CS:3620 Notes, Lecture 4, Spring 2018

When Unix development began in the late 1960s, the most common way for on-line users to interact with the computer was a Teletype. This combined a keyboard and printer in one unit, transmitting keypresses to the computer and printing whatever the computer sent back. Usually, what you typed was printed immediately, but this was under software control.

Computers had textual command languages where commands directed the computer to run programs. Very early during the development of Unix, a decision was made that the command language interpreter would be an application program, not an integral part of the operating system. This was an innovative decision with an important long term consequence: If users didn't like the command language interpreter that came with the system, they could write their own.

The first command language interpreter written for the Unix system was called sh, short for shell, the command shell. It was called a shell because, in some conceptual sense, it wrapped around the programs that users wanted to run. Ken Thompson, one of the designers of Unix, wrote the first version of sh, but Thompson had higher priorities, and development of sh was passed to Stephen Bourne, who released a significantly enhanced but compatible shell in 1977, still called sh.

When the University of California at Berkeley got a Unix source license, they began developing BSD Unix, the Berkeley Software Distribution. A grad student on the BSD project thought he could write a better shell, and he called his shell the C shell or csh, because it had a few programming features that were a bit more C-like than the programming features of the Bourne shell.

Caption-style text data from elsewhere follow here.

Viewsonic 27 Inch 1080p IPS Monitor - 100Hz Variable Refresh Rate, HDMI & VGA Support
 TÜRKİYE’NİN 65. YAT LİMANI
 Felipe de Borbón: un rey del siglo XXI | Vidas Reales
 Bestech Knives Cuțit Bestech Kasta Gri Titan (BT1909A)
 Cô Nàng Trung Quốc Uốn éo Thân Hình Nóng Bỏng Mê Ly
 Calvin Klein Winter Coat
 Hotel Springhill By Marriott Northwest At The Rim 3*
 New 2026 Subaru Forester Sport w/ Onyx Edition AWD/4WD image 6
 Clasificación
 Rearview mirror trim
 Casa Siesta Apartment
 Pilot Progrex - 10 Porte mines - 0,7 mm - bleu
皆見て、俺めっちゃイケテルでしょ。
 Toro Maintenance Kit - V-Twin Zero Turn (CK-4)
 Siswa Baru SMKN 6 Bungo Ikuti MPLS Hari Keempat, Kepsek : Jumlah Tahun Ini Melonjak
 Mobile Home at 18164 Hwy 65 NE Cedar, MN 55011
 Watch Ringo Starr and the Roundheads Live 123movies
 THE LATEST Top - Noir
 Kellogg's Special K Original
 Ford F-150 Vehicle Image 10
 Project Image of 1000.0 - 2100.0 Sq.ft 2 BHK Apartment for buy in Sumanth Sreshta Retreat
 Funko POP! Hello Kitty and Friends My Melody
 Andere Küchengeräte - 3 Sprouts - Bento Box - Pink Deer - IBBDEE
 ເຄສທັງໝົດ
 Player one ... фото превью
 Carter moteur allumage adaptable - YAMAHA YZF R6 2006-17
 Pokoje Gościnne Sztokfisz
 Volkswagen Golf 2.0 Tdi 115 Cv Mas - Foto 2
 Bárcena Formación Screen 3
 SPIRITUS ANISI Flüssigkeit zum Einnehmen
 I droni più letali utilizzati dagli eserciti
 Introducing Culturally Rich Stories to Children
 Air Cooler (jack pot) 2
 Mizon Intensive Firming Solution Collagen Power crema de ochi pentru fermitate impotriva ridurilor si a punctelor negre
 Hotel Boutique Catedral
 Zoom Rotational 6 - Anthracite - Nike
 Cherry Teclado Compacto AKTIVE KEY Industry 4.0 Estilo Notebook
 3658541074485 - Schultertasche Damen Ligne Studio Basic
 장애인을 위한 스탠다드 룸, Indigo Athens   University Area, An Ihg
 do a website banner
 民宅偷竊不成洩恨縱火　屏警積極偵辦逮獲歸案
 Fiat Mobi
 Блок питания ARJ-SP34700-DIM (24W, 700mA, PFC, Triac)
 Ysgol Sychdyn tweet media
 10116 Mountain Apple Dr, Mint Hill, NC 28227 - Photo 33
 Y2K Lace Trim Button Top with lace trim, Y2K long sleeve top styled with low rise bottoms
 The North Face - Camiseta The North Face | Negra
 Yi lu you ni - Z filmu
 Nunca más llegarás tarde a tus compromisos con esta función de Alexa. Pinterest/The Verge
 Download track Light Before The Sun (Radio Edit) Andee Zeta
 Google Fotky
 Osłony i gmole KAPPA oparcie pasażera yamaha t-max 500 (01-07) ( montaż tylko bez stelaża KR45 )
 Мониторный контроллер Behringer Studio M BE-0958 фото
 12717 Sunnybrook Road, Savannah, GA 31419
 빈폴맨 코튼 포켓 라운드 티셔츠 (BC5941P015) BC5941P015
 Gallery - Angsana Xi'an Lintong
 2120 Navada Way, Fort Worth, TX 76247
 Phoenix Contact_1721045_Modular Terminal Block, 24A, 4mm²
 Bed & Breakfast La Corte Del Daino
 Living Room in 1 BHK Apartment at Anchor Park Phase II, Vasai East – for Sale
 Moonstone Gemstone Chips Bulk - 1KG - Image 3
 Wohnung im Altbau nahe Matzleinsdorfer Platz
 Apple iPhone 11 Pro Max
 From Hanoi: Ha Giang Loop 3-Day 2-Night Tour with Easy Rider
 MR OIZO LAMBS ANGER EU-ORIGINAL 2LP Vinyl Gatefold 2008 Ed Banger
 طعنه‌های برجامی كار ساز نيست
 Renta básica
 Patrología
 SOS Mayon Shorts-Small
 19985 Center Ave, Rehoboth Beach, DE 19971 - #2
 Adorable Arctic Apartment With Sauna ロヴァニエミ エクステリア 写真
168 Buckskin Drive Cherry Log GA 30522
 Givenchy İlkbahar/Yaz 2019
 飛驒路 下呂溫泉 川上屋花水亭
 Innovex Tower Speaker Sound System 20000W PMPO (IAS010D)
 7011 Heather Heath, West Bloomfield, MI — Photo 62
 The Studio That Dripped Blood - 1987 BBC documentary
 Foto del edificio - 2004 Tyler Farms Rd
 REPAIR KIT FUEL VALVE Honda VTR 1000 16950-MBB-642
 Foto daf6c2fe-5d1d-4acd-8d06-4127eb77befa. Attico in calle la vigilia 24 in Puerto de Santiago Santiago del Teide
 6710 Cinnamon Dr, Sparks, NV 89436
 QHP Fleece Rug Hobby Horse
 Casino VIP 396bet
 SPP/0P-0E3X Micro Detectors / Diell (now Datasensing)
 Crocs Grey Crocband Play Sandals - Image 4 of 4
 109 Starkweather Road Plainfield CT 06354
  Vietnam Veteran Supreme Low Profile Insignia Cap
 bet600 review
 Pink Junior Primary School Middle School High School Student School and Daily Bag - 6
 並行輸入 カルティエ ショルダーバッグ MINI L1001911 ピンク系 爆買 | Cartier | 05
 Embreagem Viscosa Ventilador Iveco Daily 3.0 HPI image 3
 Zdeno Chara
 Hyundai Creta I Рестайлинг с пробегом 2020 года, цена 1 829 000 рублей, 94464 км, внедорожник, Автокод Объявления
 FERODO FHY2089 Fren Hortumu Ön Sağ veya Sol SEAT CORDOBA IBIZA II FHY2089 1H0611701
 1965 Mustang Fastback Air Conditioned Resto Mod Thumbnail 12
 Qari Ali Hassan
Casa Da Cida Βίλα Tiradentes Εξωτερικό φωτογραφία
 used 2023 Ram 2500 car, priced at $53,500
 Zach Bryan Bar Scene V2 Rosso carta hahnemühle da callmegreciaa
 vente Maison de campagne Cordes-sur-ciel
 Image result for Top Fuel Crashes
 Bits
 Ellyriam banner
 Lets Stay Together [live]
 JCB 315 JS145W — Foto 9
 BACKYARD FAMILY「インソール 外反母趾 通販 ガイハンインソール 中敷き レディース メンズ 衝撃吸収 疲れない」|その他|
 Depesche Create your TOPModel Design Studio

The Bourne shell was tied up in the AT&T Unix license, and as the move toward open software gained steam, Brian Fox wrote a compatable extension of the Bourne shell that he called the Bourne Again Shell or bash. Ken Greer at Carnegie Mellon University had experience with the command language of a different operating system, TENEX. He wrote a new version of csh extended with some features from TENEX, and called it tcsh.

Today, the standard distributions of Linux and other systems descended from Unix include both tcsh and bash. Both support the basic command language of Ken Thompson's original shell, with incompatible extensions beyond this. When you open an interactive shell session on a Unix-like system, you can find out what shell you are using with the echo command by asking it to show you the value of $SHELL, a shell variable that holds the file name of the default shell for your user account:

[dwjones@fastx05 ~]$ echo $SHELL
/bin/tcsh
[dwjones@fastx05 ~]$

Note that this shows a full file name, not just the name of the shell. You can run a different shell on a one-off basis by simply typing the name of that shell:

[dwjones@fastx05 ~]$ bash
bash-4.4$ echo $SHELL
/bin/tcsh
bash-4.4$ exit
[dwjones@fastx05 ~]$

Notice that running a different shell doesn't change the values of variables like $SHELL. Also notice that the exit shell command terminates the current shell, returning control to whatever program launched it.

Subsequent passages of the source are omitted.